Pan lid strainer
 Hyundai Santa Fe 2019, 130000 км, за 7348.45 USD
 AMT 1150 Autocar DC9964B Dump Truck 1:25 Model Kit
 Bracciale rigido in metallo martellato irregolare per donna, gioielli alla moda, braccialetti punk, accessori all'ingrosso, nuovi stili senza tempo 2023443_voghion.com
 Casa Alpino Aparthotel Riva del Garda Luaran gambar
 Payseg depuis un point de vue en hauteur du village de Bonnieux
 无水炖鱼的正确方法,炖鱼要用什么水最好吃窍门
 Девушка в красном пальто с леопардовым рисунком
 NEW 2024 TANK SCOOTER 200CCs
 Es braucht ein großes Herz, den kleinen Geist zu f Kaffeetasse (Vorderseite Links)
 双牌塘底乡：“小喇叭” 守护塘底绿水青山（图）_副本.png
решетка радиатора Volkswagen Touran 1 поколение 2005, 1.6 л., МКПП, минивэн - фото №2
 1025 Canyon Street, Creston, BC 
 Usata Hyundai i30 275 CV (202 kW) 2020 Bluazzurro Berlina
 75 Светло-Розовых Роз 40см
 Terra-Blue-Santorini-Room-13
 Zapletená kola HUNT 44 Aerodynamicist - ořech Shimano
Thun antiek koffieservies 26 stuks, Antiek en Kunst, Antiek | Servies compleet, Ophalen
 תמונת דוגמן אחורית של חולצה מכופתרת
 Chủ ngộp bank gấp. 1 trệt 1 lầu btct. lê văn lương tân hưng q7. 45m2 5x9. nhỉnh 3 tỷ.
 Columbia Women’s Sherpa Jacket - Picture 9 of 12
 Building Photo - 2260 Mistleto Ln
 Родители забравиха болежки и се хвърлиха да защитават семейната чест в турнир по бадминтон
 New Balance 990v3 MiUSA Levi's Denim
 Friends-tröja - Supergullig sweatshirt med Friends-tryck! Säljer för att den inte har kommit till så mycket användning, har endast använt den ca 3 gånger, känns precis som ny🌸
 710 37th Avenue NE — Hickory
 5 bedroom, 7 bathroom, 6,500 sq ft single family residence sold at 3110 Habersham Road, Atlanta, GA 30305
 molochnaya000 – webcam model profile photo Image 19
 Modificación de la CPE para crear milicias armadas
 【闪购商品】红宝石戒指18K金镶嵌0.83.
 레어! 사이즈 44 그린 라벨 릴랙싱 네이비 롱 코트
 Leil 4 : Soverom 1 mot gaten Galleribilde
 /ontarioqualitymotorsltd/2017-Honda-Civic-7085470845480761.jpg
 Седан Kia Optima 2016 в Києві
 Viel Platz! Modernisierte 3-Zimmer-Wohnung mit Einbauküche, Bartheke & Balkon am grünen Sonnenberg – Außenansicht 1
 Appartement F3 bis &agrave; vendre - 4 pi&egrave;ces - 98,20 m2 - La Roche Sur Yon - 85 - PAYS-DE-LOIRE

--- --- ---

(What is expected) Each line above should be copied exactly, with no line missing.

(Problem solution)
Pan lid strainer
 Hyundai Santa Fe 2019, 130000 км, за 7348.45 USD
 AMT 1150 Autocar DC9964B Dump Truck 1:25 Model Kit
 Bracciale rigido in metallo martellato irregolare per donna, gioielli alla moda, braccialetti punk, accessori all'ingrosso, nuovi stili senza tempo 2023443_voghion.com
 Casa Alpino Aparthotel Riva del Garda Luaran gambar
 Payseg depuis un point de vue en hauteur du village de Bonnieux
 无水炖鱼的正确方法,炖鱼要用什么水最好吃窍门
 Девушка в красном пальто с леопардовым рисунком
 NEW 2024 TANK SCOOTER 200CCs
 Es braucht ein großes Herz, den kleinen Geist zu f Kaffeetasse (Vorderseite Links)
 双牌塘底乡：“小喇叭” 守护塘底绿水青山（图）_副本.png
решетка радиатора Volkswagen Touran 1 поколение 2005, 1.6 л., МКПП, минивэн - фото №2
 1025 Canyon Street, Creston, BC 
 Usata Hyundai i30 275 CV (202 kW) 2020 Bluazzurro Berlina
 75 Светло-Розовых Роз 40см
 Terra-Blue-Santorini-Room-13
 Zapletená kola HUNT 44 Aerodynamicist - ořech Shimano
Thun antiek koffieservies 26 stuks, Antiek en Kunst, Antiek | Servies compleet, Ophalen
 תמונת דוגמן אחורית של חולצה מכופתרת
 Chủ ngộp bank gấp. 1 trệt 1 lầu btct. lê văn lương tân hưng q7. 45m2 5x9. nhỉnh 3 tỷ.
 Columbia Women’s Sherpa Jacket - Picture 9 of 12
 Building Photo - 2260 Mistleto Ln
 Родители забравиха болежки и се хвърлиха да защитават семейната чест в турнир по бадминтон
 New Balance 990v3 MiUSA Levi's Denim
 Friends-tröja - Supergullig sweatshirt med Friends-tryck! Säljer för att den inte har kommit till så mycket användning, har endast använt den ca 3 gånger, känns precis som ny🌸
 710 37th Avenue NE — Hickory
 5 bedroom, 7 bathroom, 6,500 sq ft single family residence sold at 3110 Habersham Road, Atlanta, GA 30305
 molochnaya000 – webcam model profile photo Image 19
 Modificación de la CPE para crear milicias armadas
 【闪购商品】红宝石戒指18K金镶嵌0.83.
 레어! 사이즈 44 그린 라벨 릴랙싱 네이비 롱 코트
 Leil 4 : Soverom 1 mot gaten Galleribilde
 /ontarioqualitymotorsltd/2017-Honda-Civic-7085470845480761.jpg
 Седан Kia Optima 2016 в Києві
 Viel Platz! Modernisierte 3-Zimmer-Wohnung mit Einbauküche, Bartheke & Balkon am grünen Sonnenberg – Außenansicht 1
 Appartement F3 bis &agrave; vendre - 4 pi&egrave;ces - 98,20 m2 - La Roche Sur Yon - 85 - PAYS-DE-LOIRE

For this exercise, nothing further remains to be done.